Task objective
From the first line of the data below, copy each line up to the one containing "PacSafe Metro 300", and include that line too.

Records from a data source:
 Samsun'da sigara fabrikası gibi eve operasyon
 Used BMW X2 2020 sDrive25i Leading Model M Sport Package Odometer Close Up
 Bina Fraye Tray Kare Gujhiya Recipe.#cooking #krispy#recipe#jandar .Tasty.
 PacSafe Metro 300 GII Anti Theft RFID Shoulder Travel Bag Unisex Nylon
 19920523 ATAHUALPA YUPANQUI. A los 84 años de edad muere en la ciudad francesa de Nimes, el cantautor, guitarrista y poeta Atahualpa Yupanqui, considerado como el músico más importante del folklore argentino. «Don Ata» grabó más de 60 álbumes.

Your response
 Samsun'da sigara fabrikası gibi eve operasyon
 Used BMW X2 2020 sDrive25i Leading Model M Sport Package Odometer Close Up
 Bina Fraye Tray Kare Gujhiya Recipe.#cooking #krispy#recipe#jandar .Tasty.
 PacSafe Metro 300 GII Anti Theft RFID Shoulder Travel Bag Unisex Nylon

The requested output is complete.